What Is Genetic Screening?

health wellness

Genetic screening can be either a simple matter or a complex one. It may be motivated by the individual’s desire to rule out potential disease in self, present children or future children, or it may be used on a broad spectrum to find potential for genetic disease in large populations. It has also been used as a form discrimination, where patients who attempted to buy health insurance were “screened” out by insurers to avoid paying extra costs. Many governments now have specific rules governing how insurers, employers or others may treat genetic information.

In the most uncomplicated way, people may undergo genetic screening on a voluntary basis to determine if they have any possible factors that may predispose them or children to certain illnesses. Couples who have such factors for certain devastating diseases like sickle cell anemia, might want to determine if it is likely they will pass this on to children. In a screening of this type, couples could work with a genetic counselor and a geneticist. They might fill out forms about family medical history and personal history, an they would likely have DNA testing to see if they carry certain genes.

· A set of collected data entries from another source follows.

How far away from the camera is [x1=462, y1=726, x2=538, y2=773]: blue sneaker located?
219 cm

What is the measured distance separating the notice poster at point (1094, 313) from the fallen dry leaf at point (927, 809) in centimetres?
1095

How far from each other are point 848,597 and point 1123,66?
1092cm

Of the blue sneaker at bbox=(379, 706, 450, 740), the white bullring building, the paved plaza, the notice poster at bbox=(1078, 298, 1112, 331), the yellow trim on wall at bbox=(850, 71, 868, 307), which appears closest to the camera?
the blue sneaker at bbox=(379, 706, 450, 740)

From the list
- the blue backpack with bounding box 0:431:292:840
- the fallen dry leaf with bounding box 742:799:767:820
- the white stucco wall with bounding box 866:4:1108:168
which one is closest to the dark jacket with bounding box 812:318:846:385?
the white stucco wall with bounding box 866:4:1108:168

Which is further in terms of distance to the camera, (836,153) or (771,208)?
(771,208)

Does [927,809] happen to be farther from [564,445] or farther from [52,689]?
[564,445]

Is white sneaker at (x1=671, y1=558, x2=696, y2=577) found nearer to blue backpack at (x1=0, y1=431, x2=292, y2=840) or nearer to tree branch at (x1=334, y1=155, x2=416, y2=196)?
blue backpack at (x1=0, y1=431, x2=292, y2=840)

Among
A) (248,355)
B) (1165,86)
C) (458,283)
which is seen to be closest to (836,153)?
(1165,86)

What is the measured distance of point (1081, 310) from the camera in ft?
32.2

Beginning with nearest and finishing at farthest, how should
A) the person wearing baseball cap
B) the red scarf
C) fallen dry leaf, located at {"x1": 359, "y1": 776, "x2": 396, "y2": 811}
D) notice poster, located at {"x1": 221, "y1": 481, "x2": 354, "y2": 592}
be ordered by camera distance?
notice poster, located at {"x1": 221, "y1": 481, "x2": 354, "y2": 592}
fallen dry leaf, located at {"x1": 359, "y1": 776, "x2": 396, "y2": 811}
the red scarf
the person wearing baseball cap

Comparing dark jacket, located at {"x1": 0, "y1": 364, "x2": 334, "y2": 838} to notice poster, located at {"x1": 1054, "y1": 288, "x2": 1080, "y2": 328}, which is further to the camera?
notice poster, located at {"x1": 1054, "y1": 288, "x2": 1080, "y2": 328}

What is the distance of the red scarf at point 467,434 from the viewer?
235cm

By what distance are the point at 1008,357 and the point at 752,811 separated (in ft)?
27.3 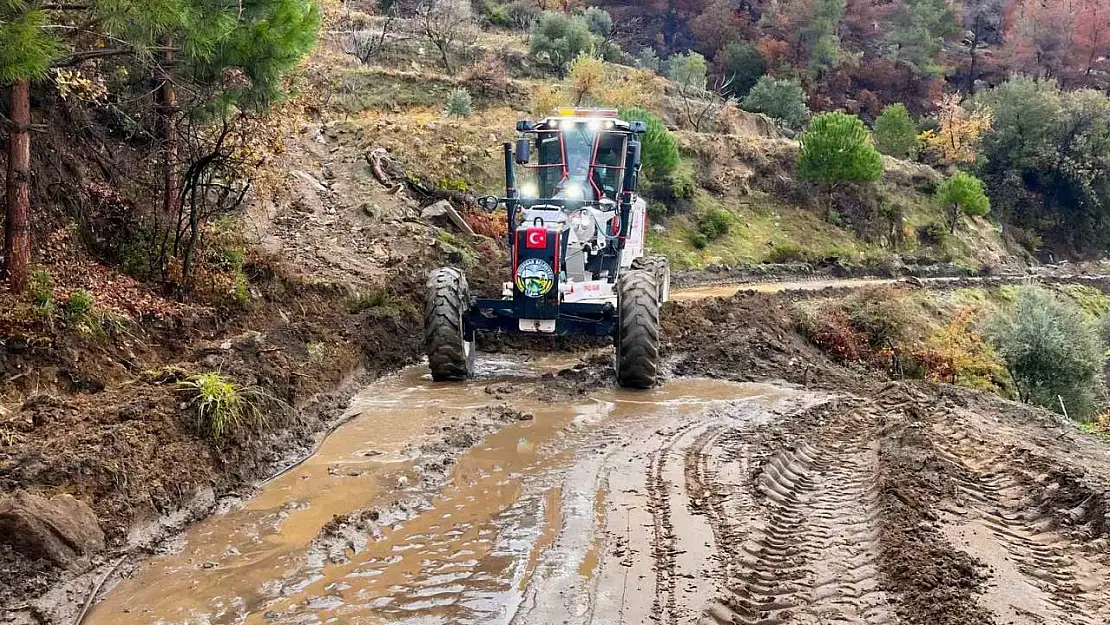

Sometimes the presence of a genetic illness in one child makes parents anxious to get all other children tested. In this case a whole family could go through a genetic screening. Information garnered can prove very helpful. Some people inherit a disease directly, while other people become carriers of the gene that causes the disease. While being a carrier is far preferable to actually having something, it can still be difficult and make the decision to have children at a future point more challenging. On the other hand, many times carriers won’t pass on a disease to progeny unless they have mates that are also carriers (when diseases are inherited in an autosomal recessive manner).

Though genetic screening sounds like something new, it really isn’t. Many countries have laws that require the automatic screening of newborns for certain diseases, like hypothyroidism and phenylketonuria. Many parents also opt to do some forms of genetic testing on fetuses, in order to determine if the fetus will have medical difficulties or other conditions. There are some that argue this only for the purpose of aborting fetuses that are not healthy, but this not always the case.

The second definition of genetic screening is not only applicable to discrimination. By looking at the genetic information of populations, determination about likelihood of disease in various groups may be possible, and this information could prove to have strong benefits to human health, and help people determine whether individual, family or couple genetic testing would be valuable. Yet fear of information being misused has made many people very reluctant to hand over DNA samples for these studies, and it is difficult to conduct studies that are sufficiently wide in scope without significant financial backing.